Prima di tutto quel misto di rock ed elettronica, che qui non si presenta: come già spiegato, si tratta di un perfetto lavoro alternative rock, ma di elettronica proprio non c'è traccia. Addio a quelle tracce come "The Bitter End", che emozionavano al primo ascolto. 

In secondo luogo manca la creatività: "Battle For The Sun" è alla fin fine una raccolta di brani che difficilmente si distinguono l'uno dall'altro: non ne trovi uno in particolare che ti resti dentro: sono tutti belli, stilisticamente perfetti, ma freddi e, alla fine, monotoni. Già, perchè una volta può essere il primo ascolto, un'altra l'umore nero, l'altra ancora la stanchezza: ma quando senti un album sette volte di fila e non ricordi nemmeno un brano (se non il singolo che le radio lanciano tutti i giorni puntualmente), allora purtroppo di monotonia si deve parlare. 

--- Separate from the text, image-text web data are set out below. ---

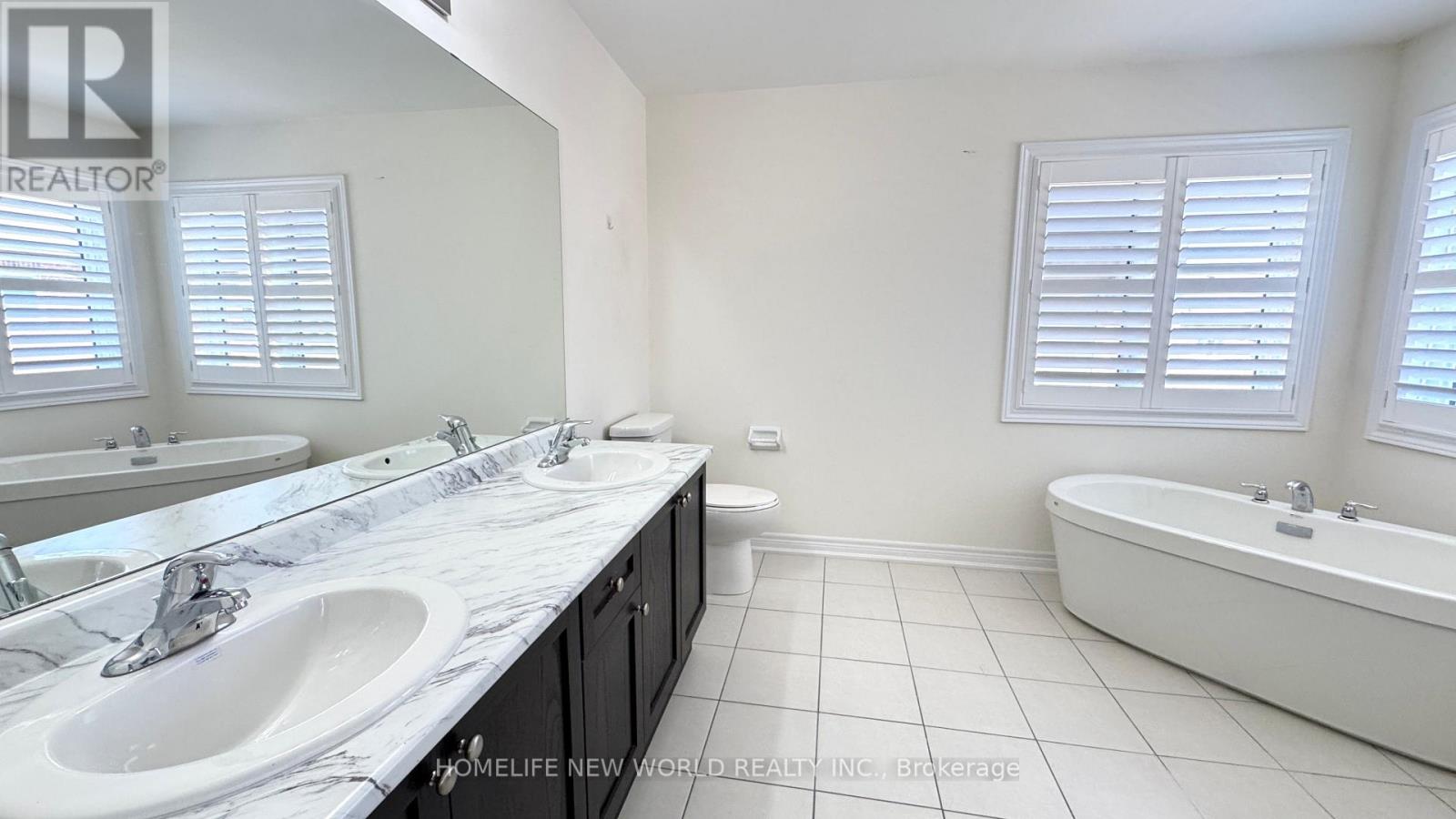 32 Falconridge Terrace, East Gwillimbury, Ontario  L9N 0R2 - Photo 12 - N13588426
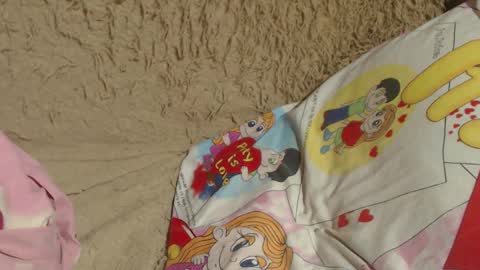 Snapshot of flowercandydoll13 chatting on December 28, 3:37 am say meow and send tip online show from December 28, 3:37 am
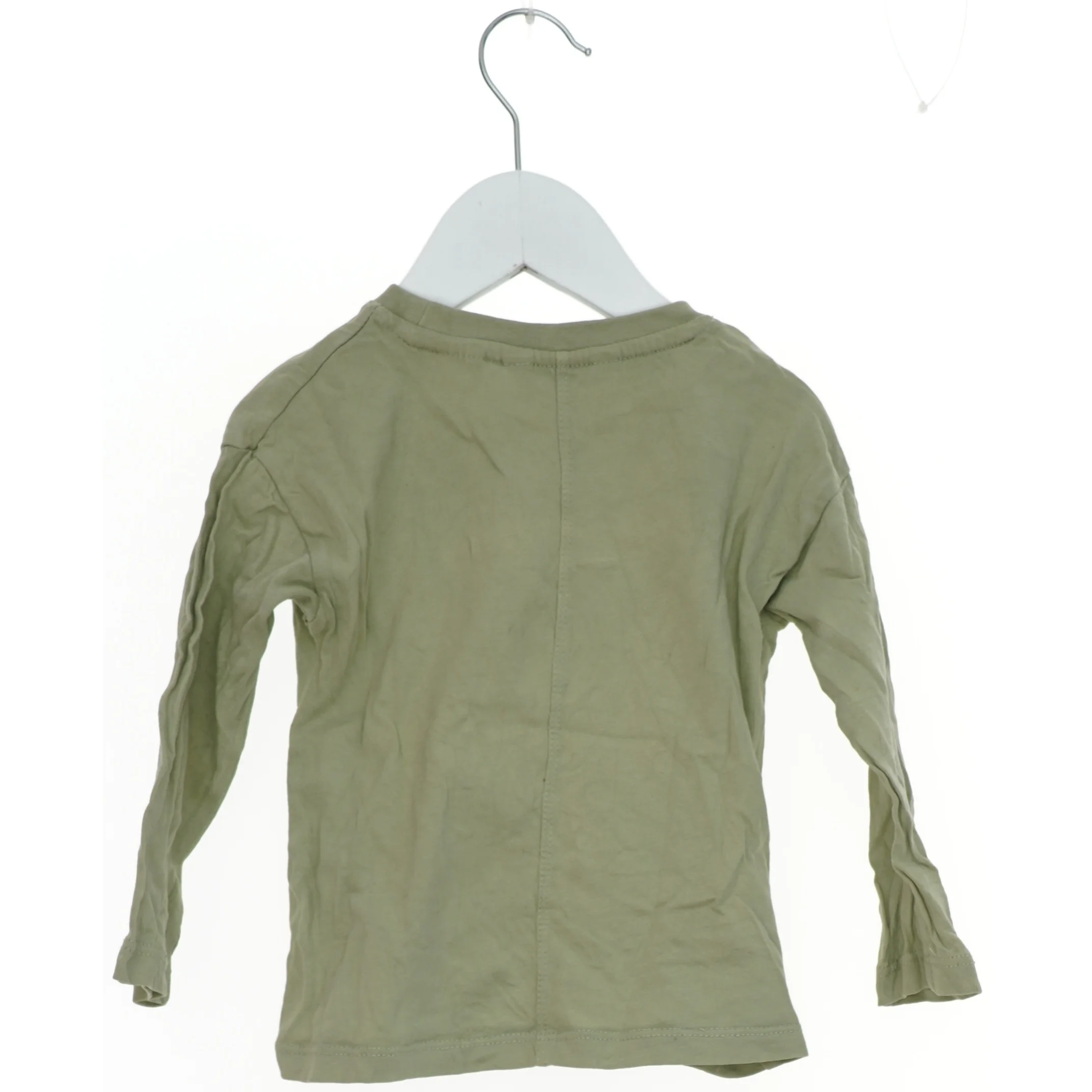 Langærmet trøje med print fra Mango (str. 86)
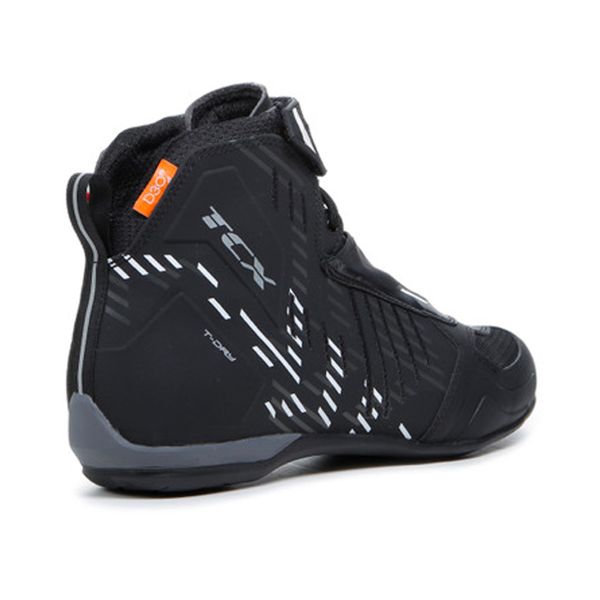 TCX R04D WP Black White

Ok, manca l'elettronica... e allora? In molti pensano che l'elettronica sia la rovina della musica! Bhe, "Special Needs" non aveva proprio nulla di elettronico. Zero assoluto. Solo un giro di basso elettrico, il ritmo della batteria e la voce di Brian Molko. Bene, qui manca anche questo. Non ci sono nemmeno quelle ballate oscure (per citarne un'altra, Protect Me From What I Want, meglio nota come "Protege-Moi"; o ancora Pure Morning, forse il loro pezzo più famoso) che nei precedenti album dei Placebo si alternavano all'elegante Electro-Rock.

Parliamo della ricerca musicale dei Placebo. Meds sotto quest'aspetto era l'album migliore, ricercato nei minimi dettagli, dall'eleganza dei reef di basso di "Infra-Red", all'accattivante sound della title-track. Qui il brano che più porta i segni di una ricerca è Kitty Litter, pezzo di apertura del disco, forse persino definibile come il brano migliore di tutto il lavoro. 

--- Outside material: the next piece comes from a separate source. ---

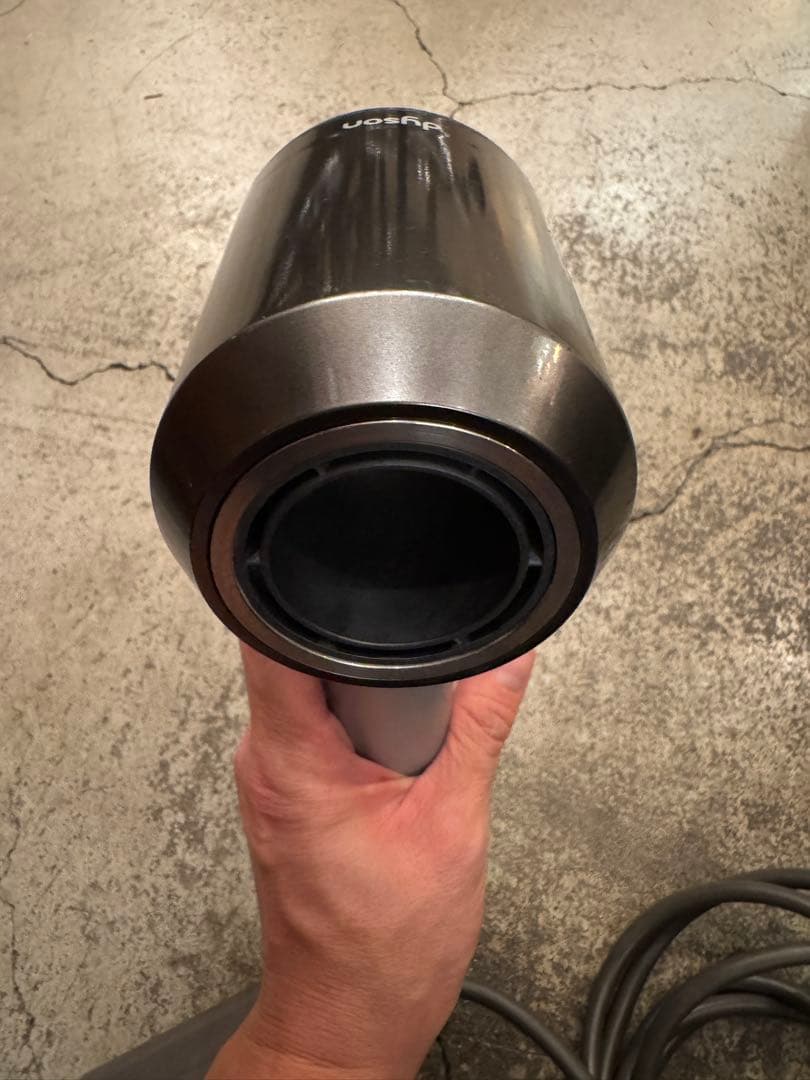 ダイソンドライヤー　HD12 サロンモデル プロ用　Dyson pro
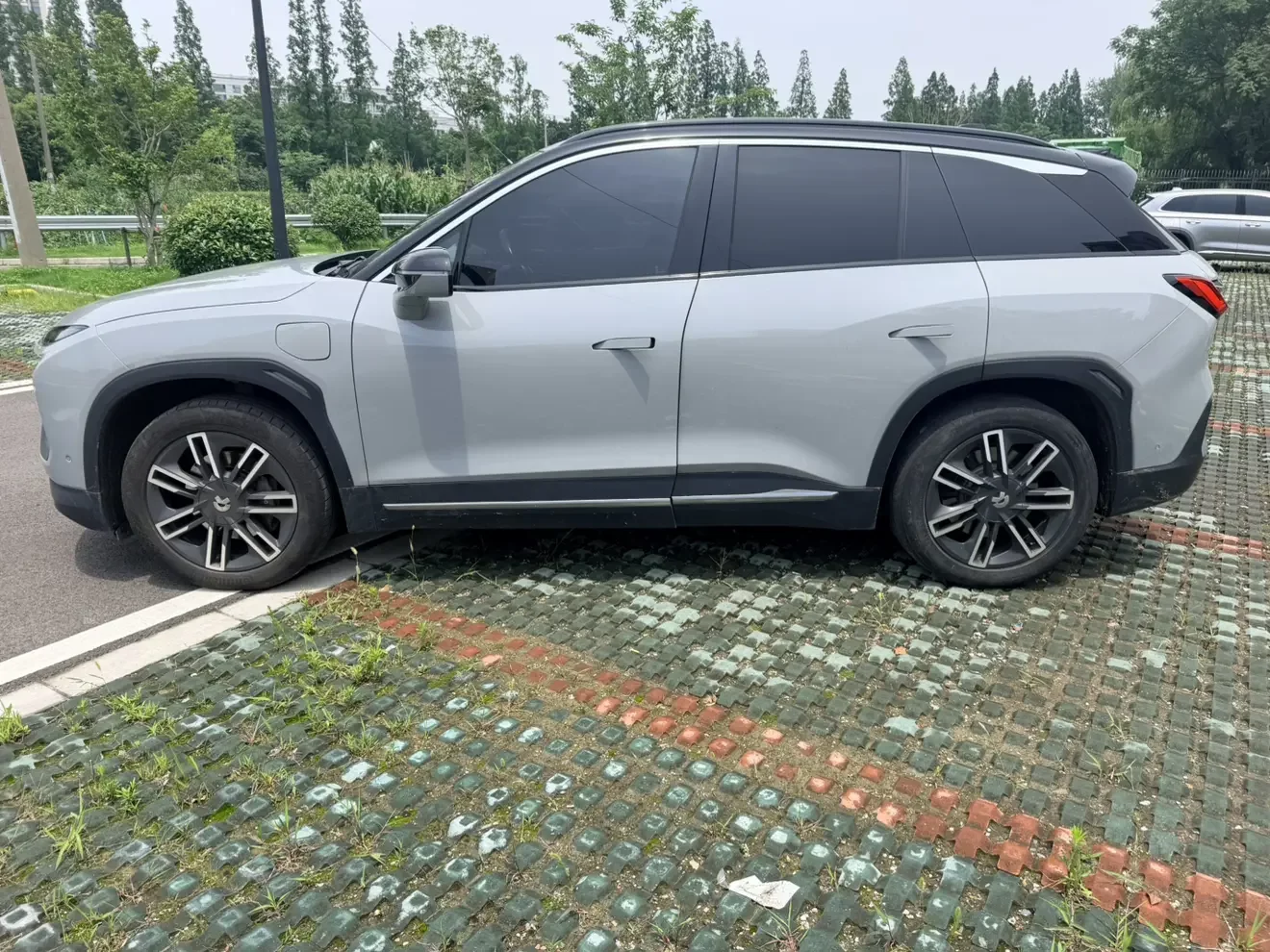 NIO ES6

In due parole possiamo localizzare il sound di quest'album a metà tra quello di "Placebo" (album d'esordio) e "Black Marlett Music" (terzo lavoro della band), prendendo di ambedue le parti peggiori.

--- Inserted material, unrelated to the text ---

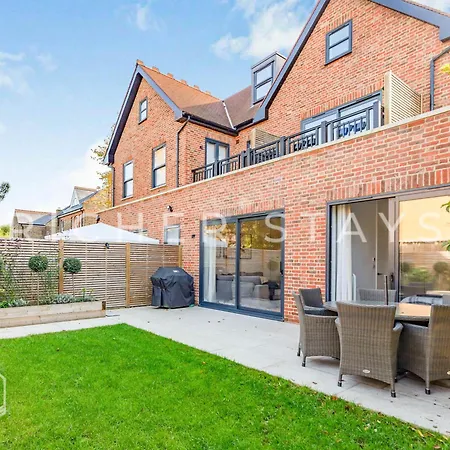 Exquisite 2-bedroom Apartment, Parking And Garden Apartment Ealing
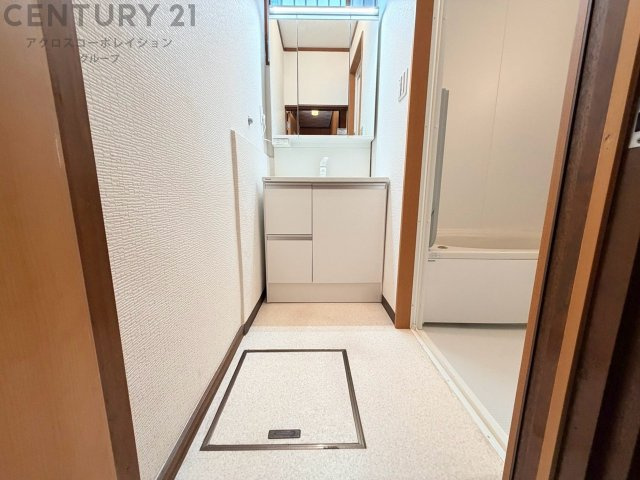 衣服の収納や脱ぎ着や整理整頓がしやすく、湿った衣類を乾燥させるスペースがありカビや臭いの発生を防ぎます。床の汚れを他の部屋に持ち込まず清潔を保つことができます。また快適な入浴環境の整備にも役立ちます。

Molko ha dichiarato che la band ha realizzato un album più "ottimista", che parla di come la vita va vissuta: col senno di poi, preferivo quando Brian era triste, in veri capolavori come "Song To Say Goodbye"; meglio le inquietanti copertine come quella di Meds piuttosto che quella splendente immagine di eclissi solare che compare in copertina di questo disco, ma che non si associa ad un'altrettanta splendente musica. Forse Hewitt, più che essersi sfinito con il tour di "Meds", aveva capito che qualcosa in Molko stava cambiando. E in peggio... Questa è ovviamente una battuta, ma efficace per far capire come qui si abbia a che fare con una vera e propria involuzione di un gruppo divenuto famoso per avere uno stile, definito dalla voce di Molko e dal sound inconfondibile. Se non fosse per la prima delle due qualità, quest'album potrebbe benissimo essere confuso per un lavoro di una qualsiasi band Alternative (Camel, Franz Ferdinand, Artic Monkeys: grandi nomi, ma che con i Placebo non c'entrano nulla).

In conclusione: da questo lavoro si avince una mancanza di idee, di originalità, di ricerca e innovazione, caratteristiche tipiche dei precedenti album (quasi tutti capolavori, se si vuole escludere il primo) dei Placebo. Speriamo che la causa sia veramente la fatica del tour che ha portato all'abbandono di Steve Hewitt e che la band torni presto con un lavoro degno del suo nome.